BERLIN taz ■ Die Grünen ziehen eine kritische Bilanz der Familienpolitik ihrer Regierung. „Familien sind noch immer benachteiligt“, heißt es in einem Eckpunktepapier, das die familienpolitische Sprecherin der grünen Bundestagsfraktion, Ekin Deligöz, gestern vorstellte. Die rot-grüne Zwischenbilanz sei zwar ein guter Anfang. „Aber es gibt aus grüner Sicht keinen Grund, sich auf diesen Lorbeeren auszuruhen.“ 15 Prozent aller Kinder lebten in relativer Armut, weitere 15 Prozent „in prekären Verhältnissen knapp oberhalb der Armutsgrenze.“ Die Grünen zielen daher auf eine Verdoppelung des Kindergeldes auf 600 Mark. Deligöz bezeichnete diese Zahl als „Vision“, ohne einen konkreten Zeitplan zu ihrer Umsetzung zu nennen. Als Zwischenschritt wollen die Grünen eine Kindergrundsicherung für bedürftige Familien einführen.
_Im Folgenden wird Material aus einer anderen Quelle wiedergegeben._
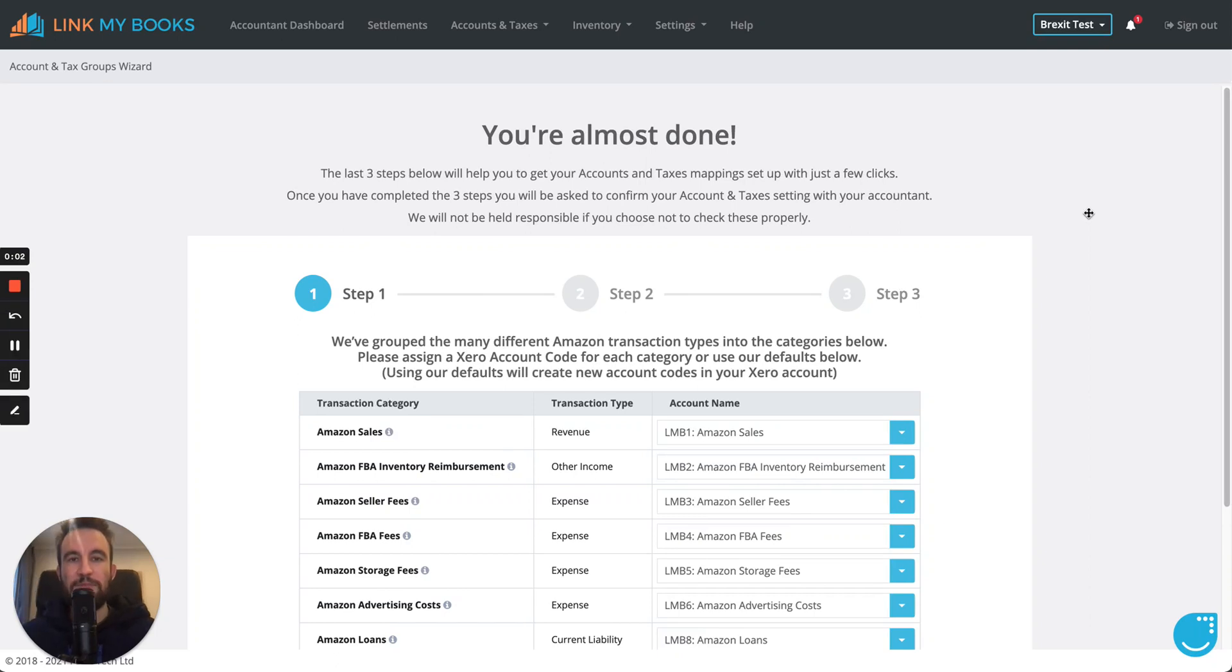Hi guys, Daniel here from Link My Books. Just a quick video to update you on all things Brexit within Link My Books.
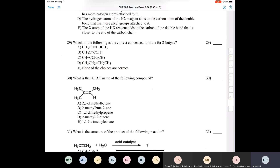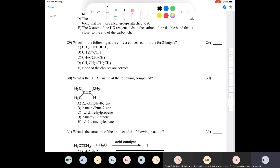Question twenty-nine: which is the correct condensed formula for 2-butyne? Drawing the bond line structure: one, two, three, four carbons with the triple bond on carbon two. Writing it in condensed form — never leave out a triple bond in a condensed structure — gives CH3C≡CCH3. The correct answer is B — that is 2-butyne with four carbons and the triple bond at position two.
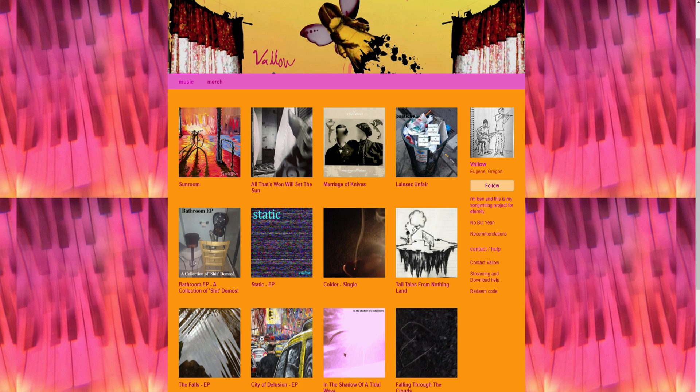A big thanks to Vallow, who, upon my request, kindly gave me permission to use his music in my math lessons. Link to his music in the description.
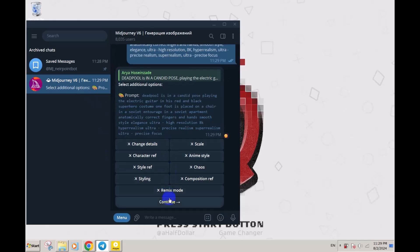Everything is all right. You can change the scale, anime style, or change details and reference style and so on.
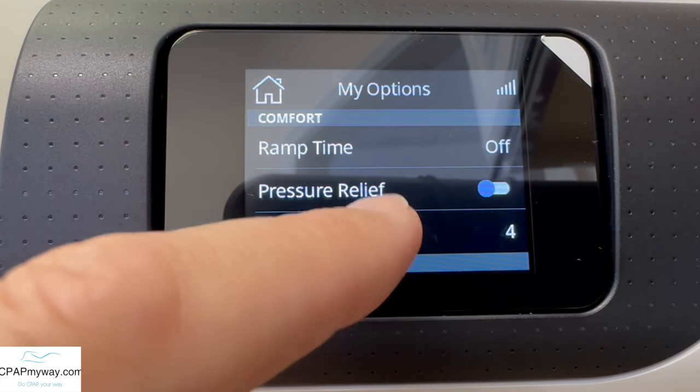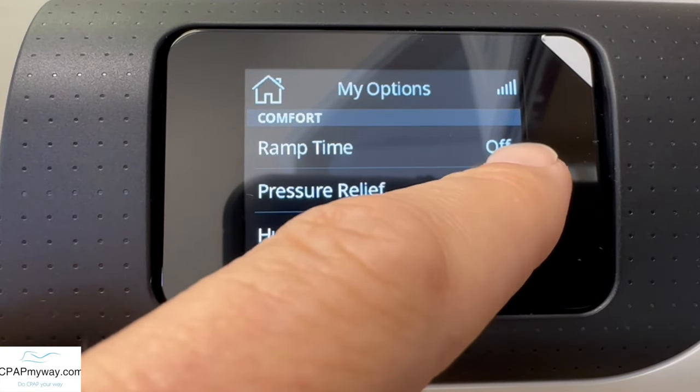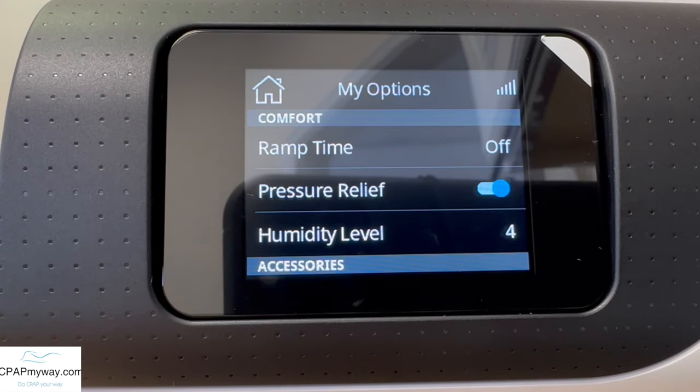For some old school users, they like it off. For new users, the exhalation relief is a nice setting.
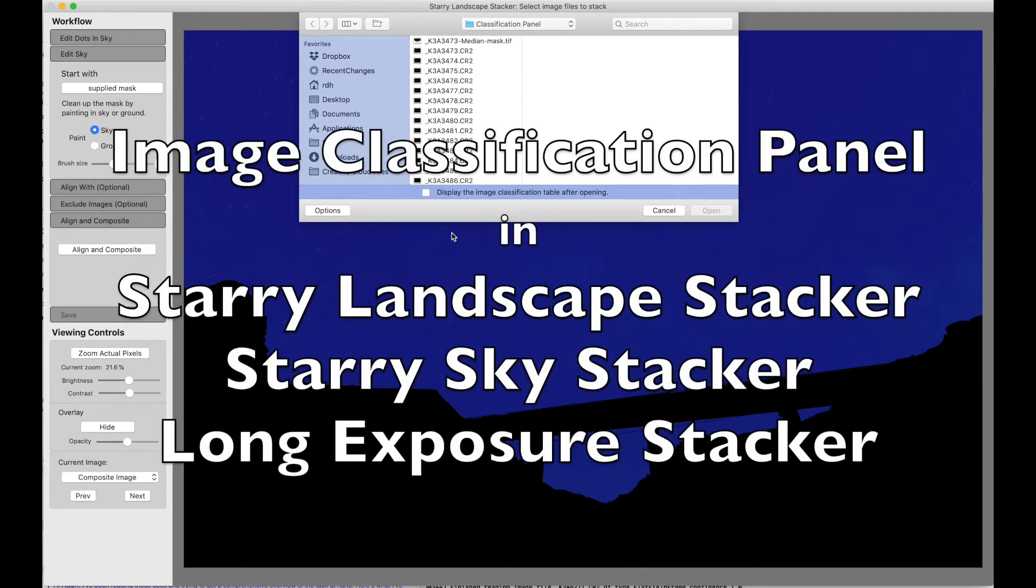I would like to show you the image classification panel in Starry Landscape Stacker, Starry Sky Stacker, and Long Exposure Stacker.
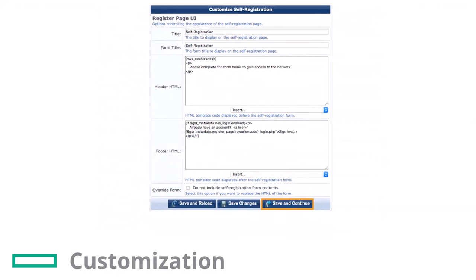The Register Page UI allows you to modify or customize the page title and body contents displayed when accessing the register page. I will leave it by default. Click on Save and Continue.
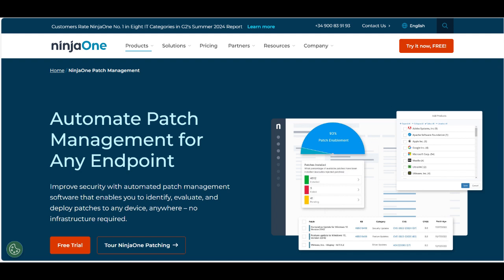In conclusion, NinjaOne Patch Management is an efficient and accessible tool for businesses looking to simplify their patching processes and improve system security. Its ease of use, automation capabilities, and cloud-based flexibility make it a strong choice for small to mid-sized businesses and managed service providers (MSPs).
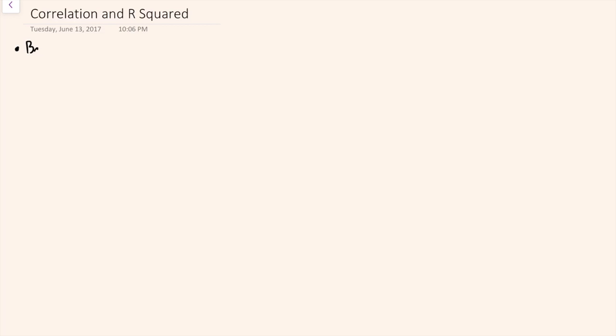In this video, I'm going to introduce the concepts of correlation and R-squared. I'm going to start with a little bit of background - mainly that I've introduced the concepts of sum of squares for a variable in another video. Essentially, this is taking the errors of the variable around its mean, assessing how much variation there is within a variable.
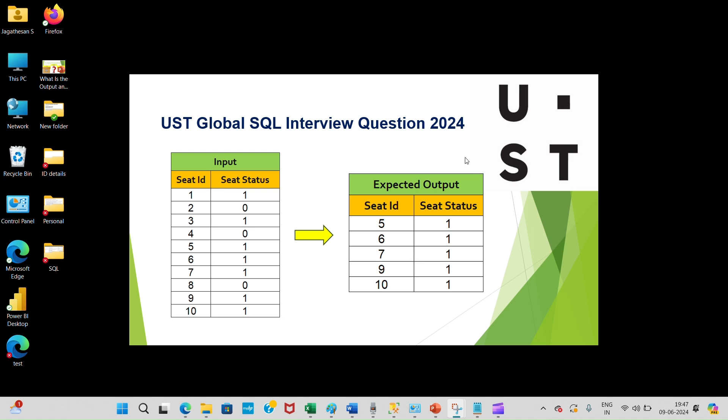Welcome back Techwell family. Today we are going to see one of the most asked interview questions at UST Global. I have an input table like seat ID and seat status, but I want the expected output in this format.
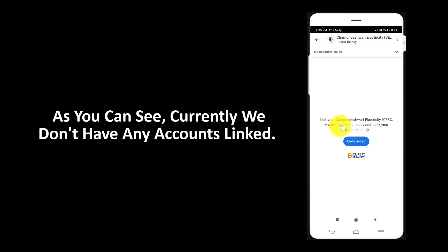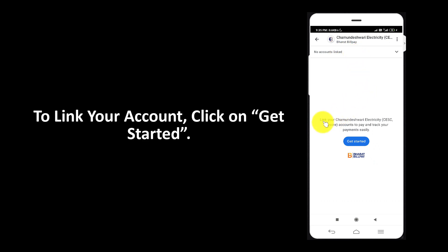As you can see, currently we don't have any accounts linked. To link your account, click on get started.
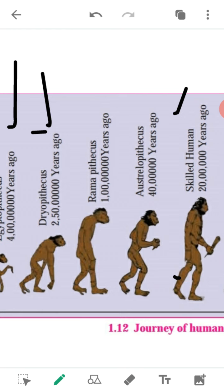The first record of a human-like animal is in the form of Ramapithecus, about 1 crore years ago from East Africa. Afterwards, this ape grew in size and became more intelligent, and thus the ape of South Africa evolved about 40 lakh years ago. That is known as Australopithecus.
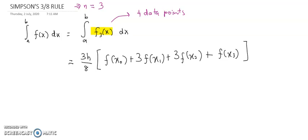As you can see, the expression inside the bracket has four terms because we have four data points: x0, x1, x2, and x3. This formula is very easy to memorize. The coefficient of the first term is 1, the coefficients of the second and third terms are 3, and the coefficient of the last term is always 1.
Dabei sollten zunächst 4,9 Millionen Kinder mit bis zu 200 Mark pro Kind und Monat gefördert werden. Im Gegenzug solle der Steuervorteil beim Ehegattensplitting begrenzt werden. Die Grundsicherung könnte nach Deligöz’ Worten noch in dieser Legislaturperiode eingeführt werden, in jedem Fall jedoch ab 2002. Bei der geplanten, aber noch nicht beschlossenen Kindergelderhöhung um 30 auf 300 Mark muss nach Ansicht der Grünen sichergestellt werden, dass nicht Leistungen für Familien gegeneinander ausgespielt würden. Es dürfe den Familien nicht nur Geld gegeben werden, das anderweitig bei Familien eingespart werde, sagte Deligöz. Außerdem müsse die Kindergelderhöhung auch für Sozialhilfeempfänger gelten und dürfe also nicht angerechnet werden.
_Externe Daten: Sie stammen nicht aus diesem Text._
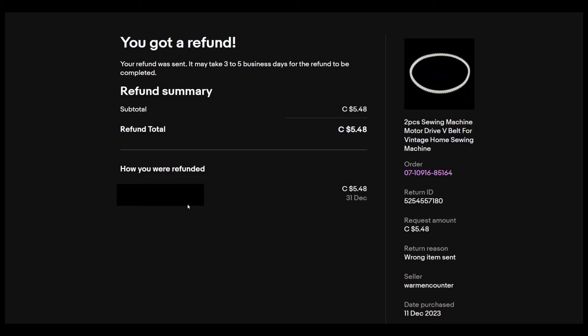When you see that link, press on it and escalate the case through eBay. And hopefully you get a refund or some other good deal. So this is about what you need to do.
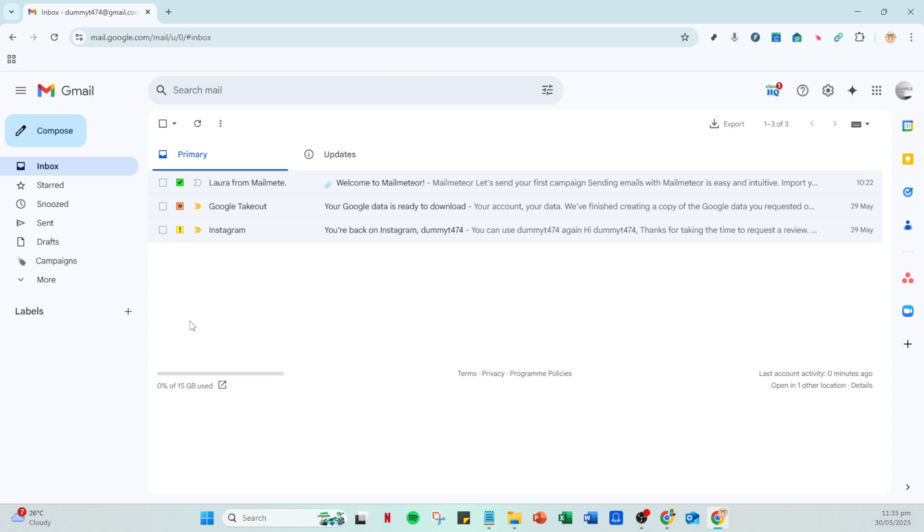Next, look towards the top left of your screen and you'll notice a big red button labeled compose. Go ahead and click on it. Doing so will open a new window where you can start crafting your email.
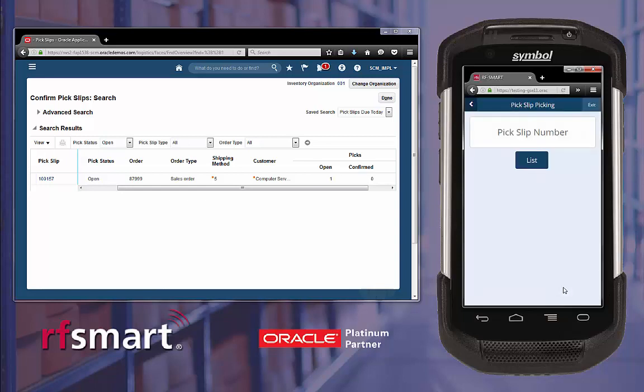Next we need to input the pick slip number. If you don't have the pick slip number available, you can press the list function to get a list of pick lists ready to be picked.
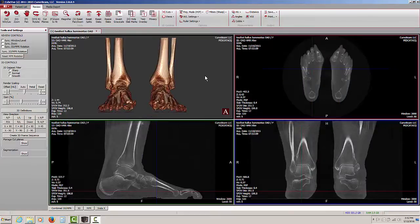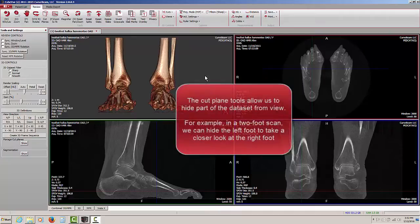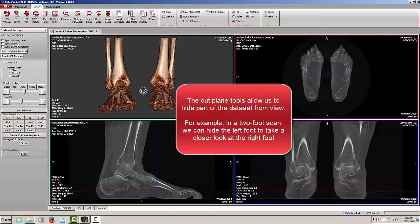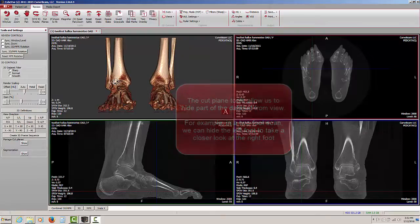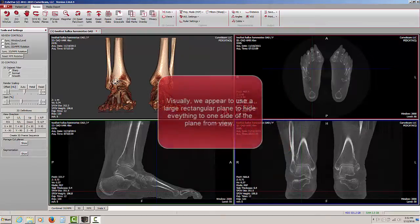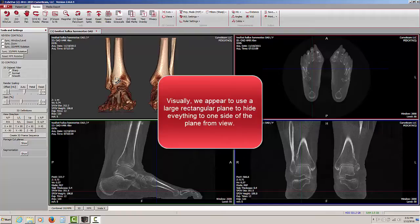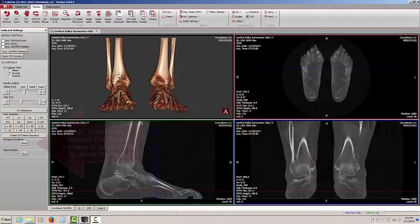Using a different data set, let's take a look at the cut plane tools. The cut plane tools will allow us to isolate part of the patient data set that we see here, for example to just look at the left foot or the right foot by essentially sliding a large flat plane between the two, which we can also change the direction of, and removing part of that from the 3D rendering.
Forderungen von CDU und CSU nach einem „Familiengeld“ von bis zu 1.200 Mark im Monat lehnte Deligöz als unrealistisch ab. Das Eckpunktepapier soll die Grundlage der Beratungen einer Arbeitsgruppe zur Familienpolitik sein, die künftig unter Vorsitz von Grünen-Parteichef Fritz Kuhn arbeiten soll. Dem Parteigremium gehören außer Deligöz nur noch die schleswig-holsteinische Justizministerin Anne Lütkes sowie Katrin Göring-Eckardt an, die parlamentarische Geschäftsführerin der Bundestagsfraktion. Parallel zu dem Parteigremium berät eine Gruppe von knapp zehn jungen Bundestagsabgeordneten über Kinder- und Familienpolitik.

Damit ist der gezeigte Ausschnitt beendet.